PROBLEM TO SOLVE
Give the records again exactly. Pictures do not belong in the copy.

RECORDS SHOWN
▶
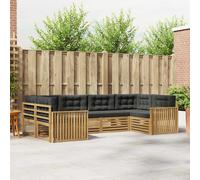 vidaXL Juego de sofás de exterior, 6 piezas, color blanco y gris antracita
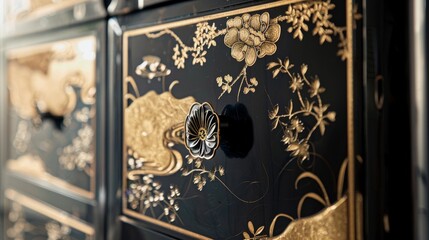 Showcasing a fusion of luxury and nostalgia, a close-up view of a cabinet with vintage elegance - obrazy, fototapety, plakaty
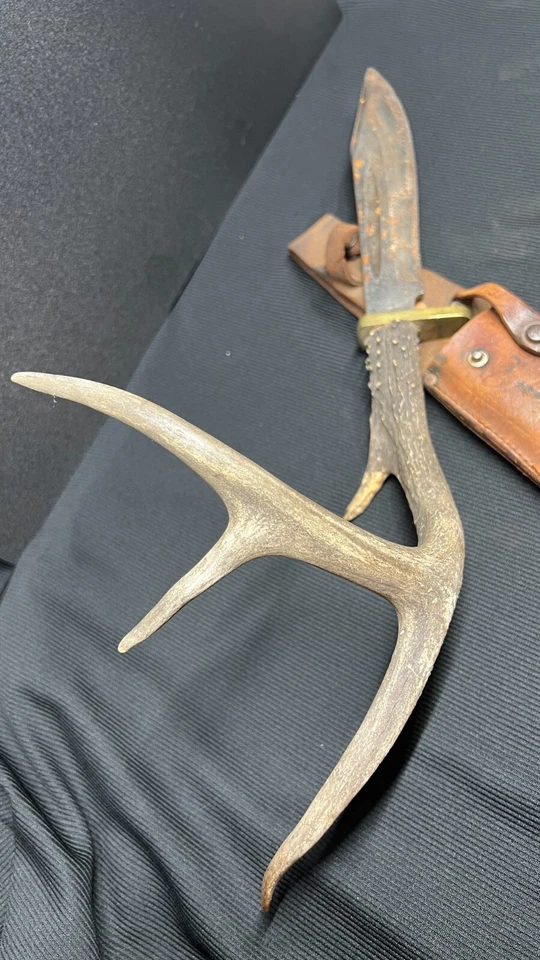 Cuchillo Bowie de hoja fija con funda con asta de ciervo entera de acero anterior a la década de 1920 Foto 4 de 4
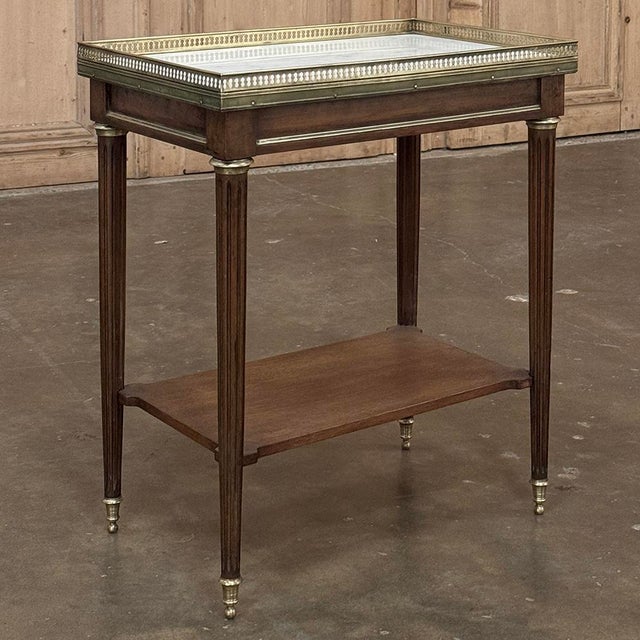 French Louis XVI Mahogany Gallery Side Table With Carrara Marble Top For Sale - Image 3 of 17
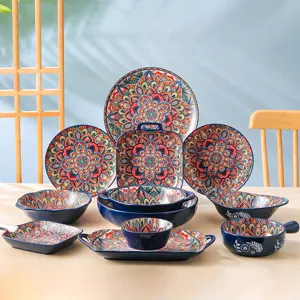 Bohemian ceramic tableware set featuring vibrant mandala patterns, microwave safe plates and bowls.
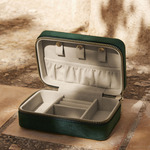 Velvet travel jewellery box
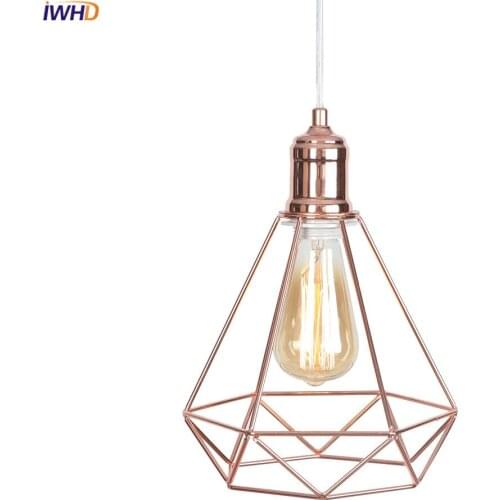 IWHD Nordic Modern LED Pendant Lights LED Rose Golden Iron Cage Hanglamp Loft Hanging Lamp Droplight Fixtures Luminaire Suspendu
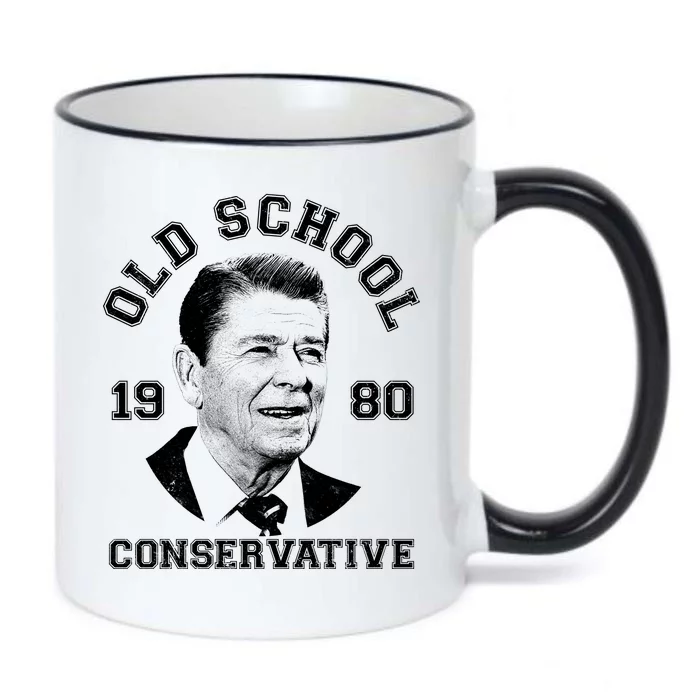 Vintage Ronald Reagan Old School Conservative Black Color Changing Mug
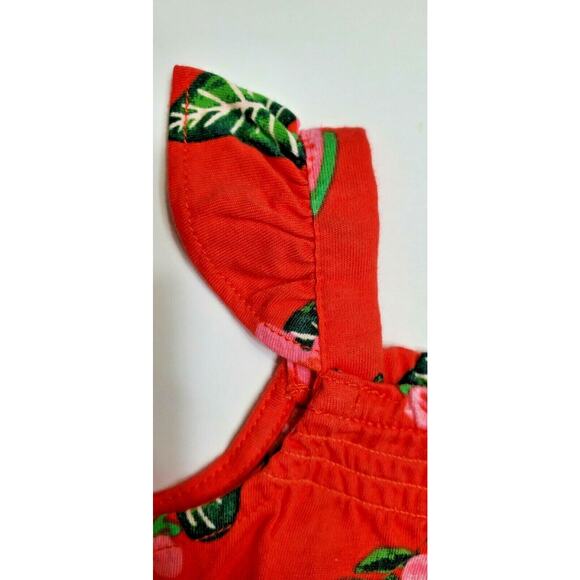 Carter's Red Fruit Flower Flutter Sleeves Romper Shorts Baby Girl 12 Months - Picture 3 of 5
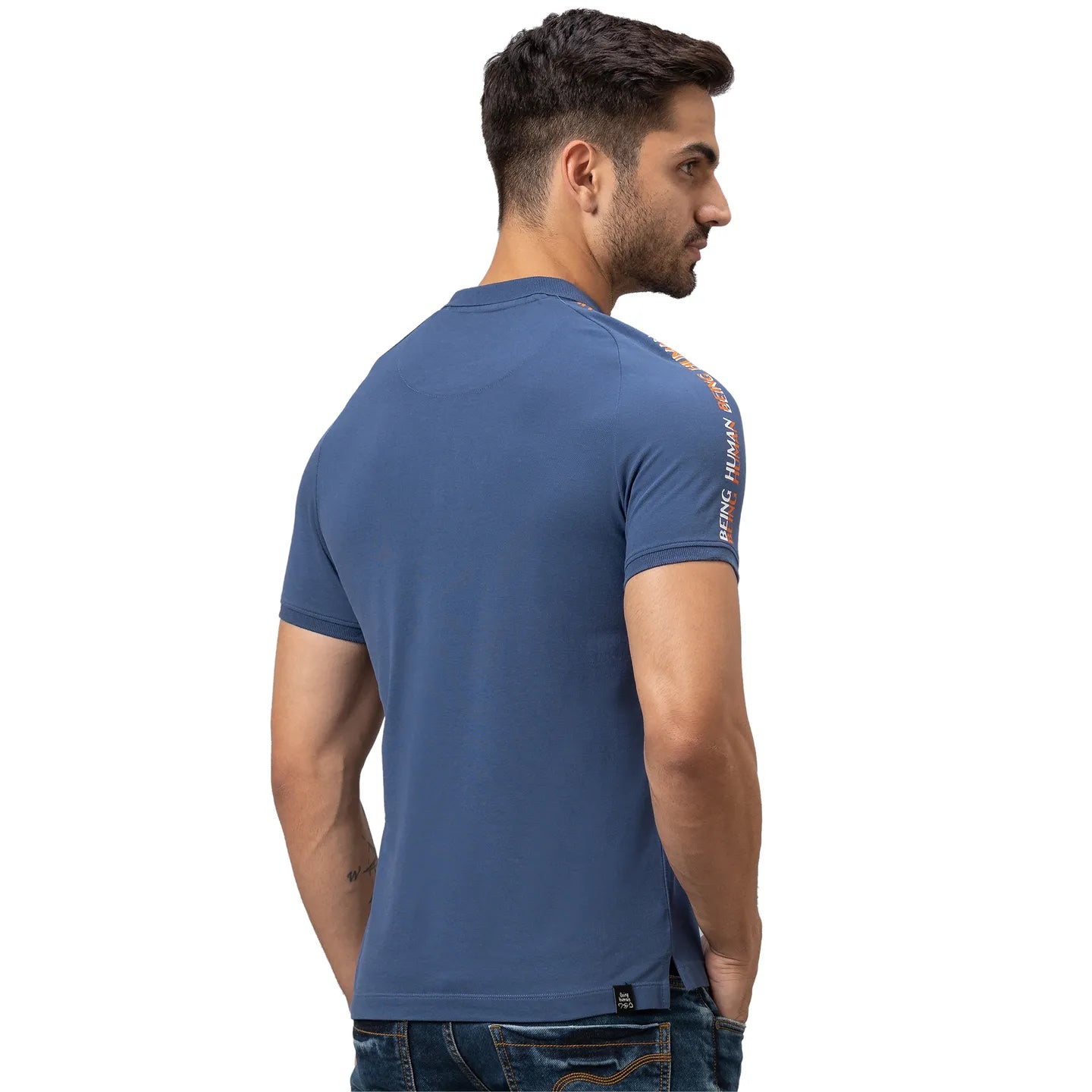 Being Human Clothing Men Regular Fit Polo Neck T-Shirts-Ocean Blue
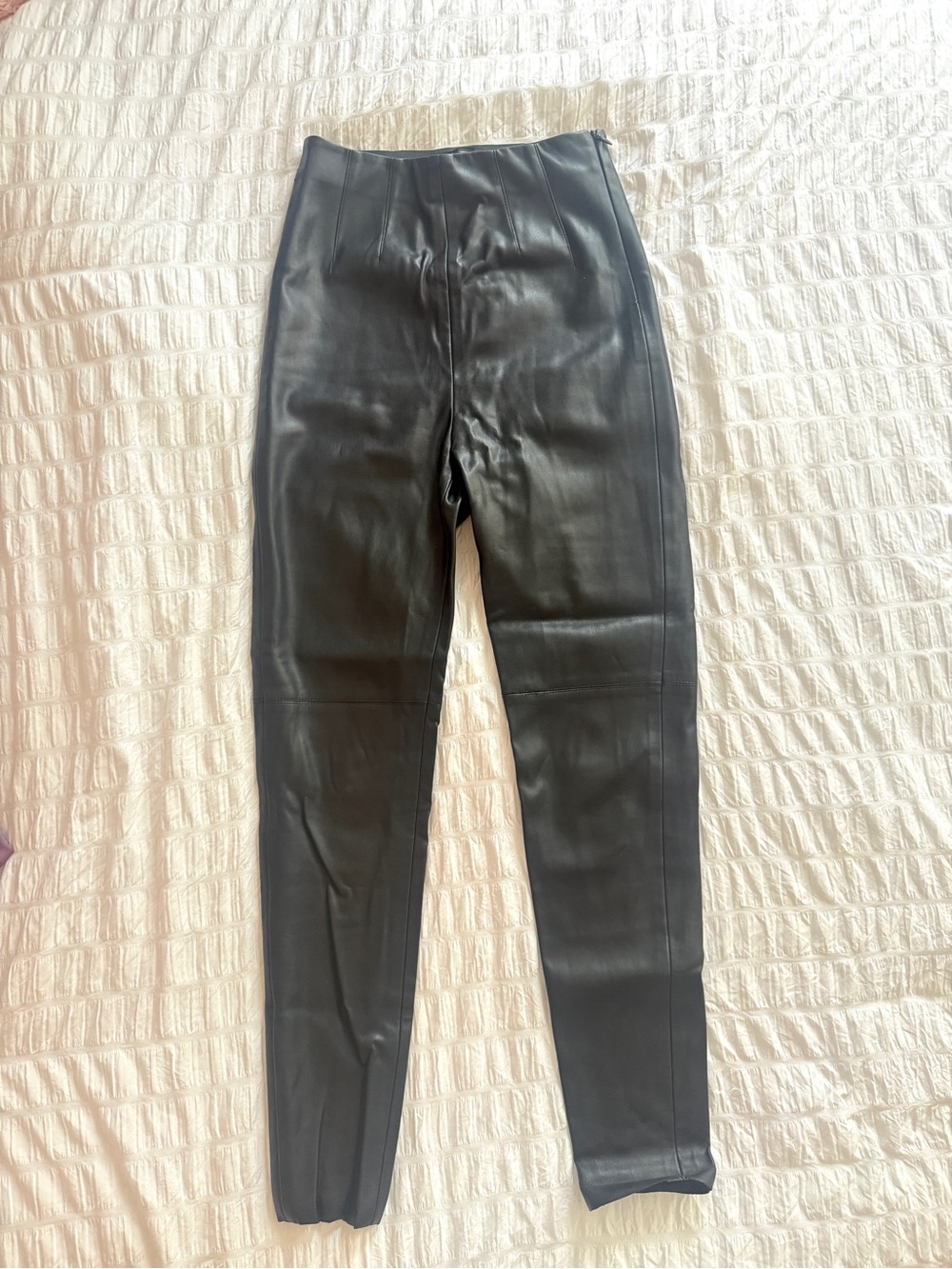 Zara Black Elastic Waistband Leather Pants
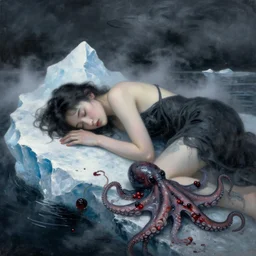 a female art student falling asleep, misty, iceberg, black paint, dark, sensual, cloudy, squashed berries, octopus, neo - impressionist, surrealism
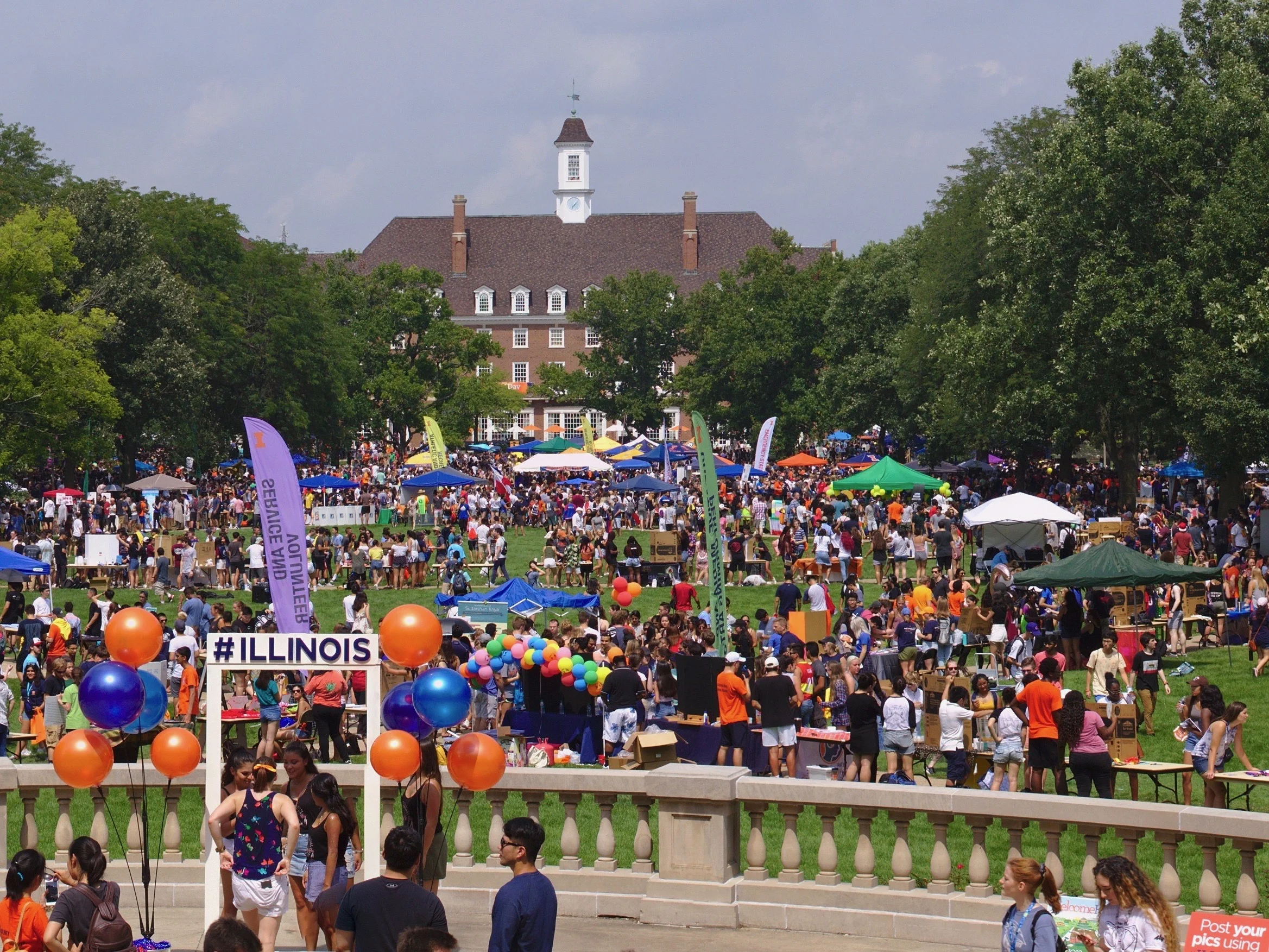 Students celebrate the start of the new school year at the University of Illinois on Quad Day a year ago. (Wikimedia Commons/DustyCereal)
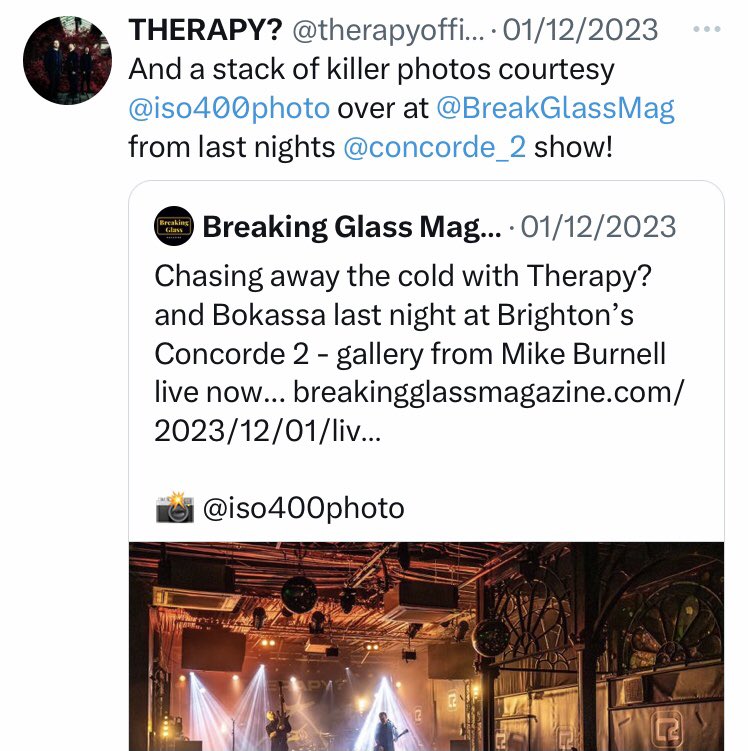 BreakGlassMag's tweet photo. Just throwing some love towards @therapyofficial  - not just for their great shows but also taking the time to credit our brilliant photographers on reposts. Should be the norm but isn’t - please know it’s appreciated when it happens 🖤

@iso400photo 
@HMPhotography29 https://t.co/yeFfpiykHa
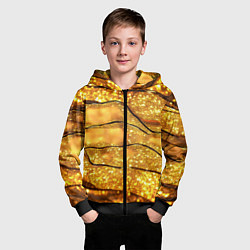Толстовка на молнии детская Золотая текстура с блестками, цвет: 3D-черный — фото 2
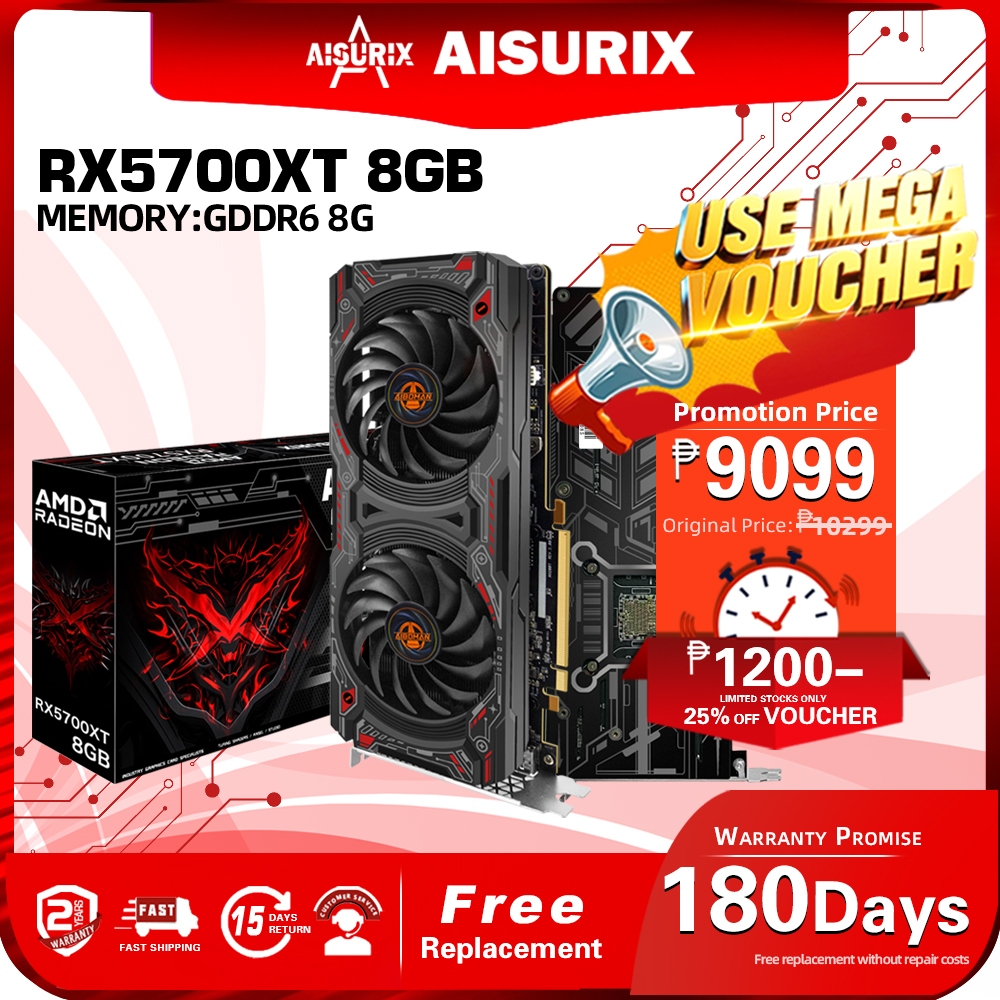 AISURIX Graphics Card RX5700XT 8GB AMD Radeon Computer GPU Video Card ...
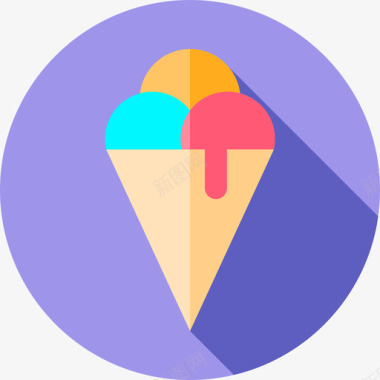 甜点冰激凌甜点和糖果2个平的图标图标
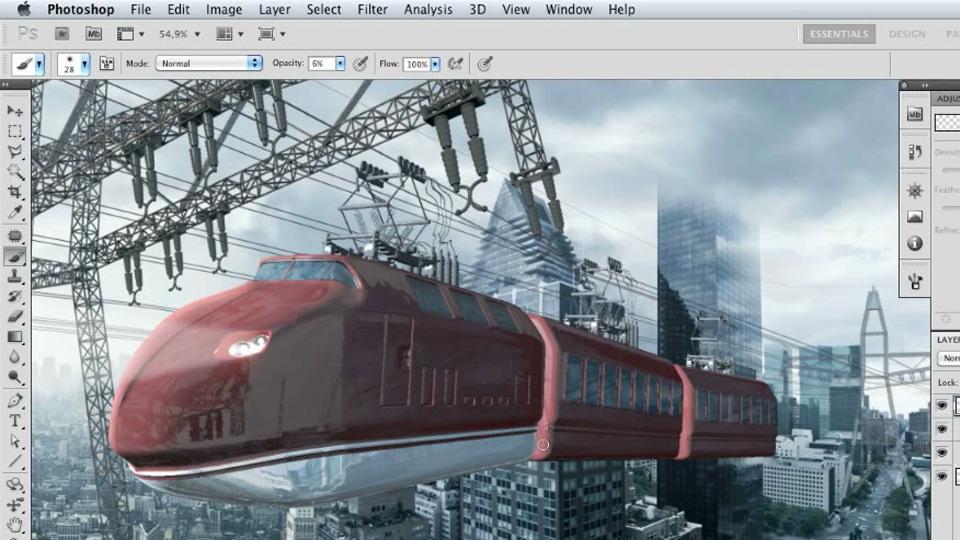 Digital Painting in Photoshop: Skytrain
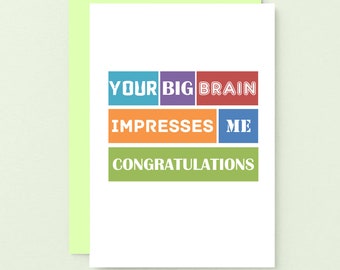 Funny Congratulations Card | Passed Exams | Well Done | Happy Graduation Card | Proud Of You | Good Job | New Job Promotion | SE0100A6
◀
RESPONSE TO THIS TASK
 vidaXL Juego de sofás de exterior, 6 piezas, color blanco y gris antracita
 Showcasing a fusion of luxury and nostalgia, a close-up view of a cabinet with vintage elegance - obrazy, fototapety, plakaty
 Cuchillo Bowie de hoja fija con funda con asta de ciervo entera de acero anterior a la década de 1920 Foto 4 de 4
 French Louis XVI Mahogany Gallery Side Table With Carrara Marble Top For Sale - Image 3 of 17
 Bohemian ceramic tableware set featuring vibrant mandala patterns, microwave safe plates and bowls.
 Velvet travel jewellery box
 IWHD Nordic Modern LED Pendant Lights LED Rose Golden Iron Cage Hanglamp Loft Hanging Lamp Droplight Fixtures Luminaire Suspendu
 Vintage Ronald Reagan Old School Conservative Black Color Changing Mug
 Carter's Red Fruit Flower Flutter Sleeves Romper Shorts Baby Girl 12 Months - Picture 3 of 5
 Being Human Clothing Men Regular Fit Polo Neck T-Shirts-Ocean Blue
 Zara Black Elastic Waistband Leather Pants
 a female art student falling asleep, misty, iceberg, black paint, dark, sensual, cloudy, squashed berries, octopus, neo - impressionist, surrealism
 Students celebrate the start of the new school year at the University of Illinois on Quad Day a year ago. (Wikimedia Commons/DustyCereal)
 BreakGlassMag's tweet photo. Just throwing some love towards @therapyofficial  - not just for their great shows but also taking the time to credit our brilliant photographers on reposts. Should be the norm but isn’t - please know it’s appreciated when it happens 🖤

@iso400photo 
@HMPhotography29 https://t.co/yeFfpiykHa
Толстовка на молнии детская Золотая текстура с блестками, цвет: 3D-черный — фото 2
 AISURIX Graphics Card RX5700XT 8GB AMD Radeon Computer GPU Video Card ...
 甜点冰激凌甜点和糖果2个平的图标图标
 Digital Painting in Photoshop: Skytrain
 Funny Congratulations Card | Passed Exams | Well Done | Happy Graduation Card | Proud Of You | Good Job | New Job Promotion | SE0100A6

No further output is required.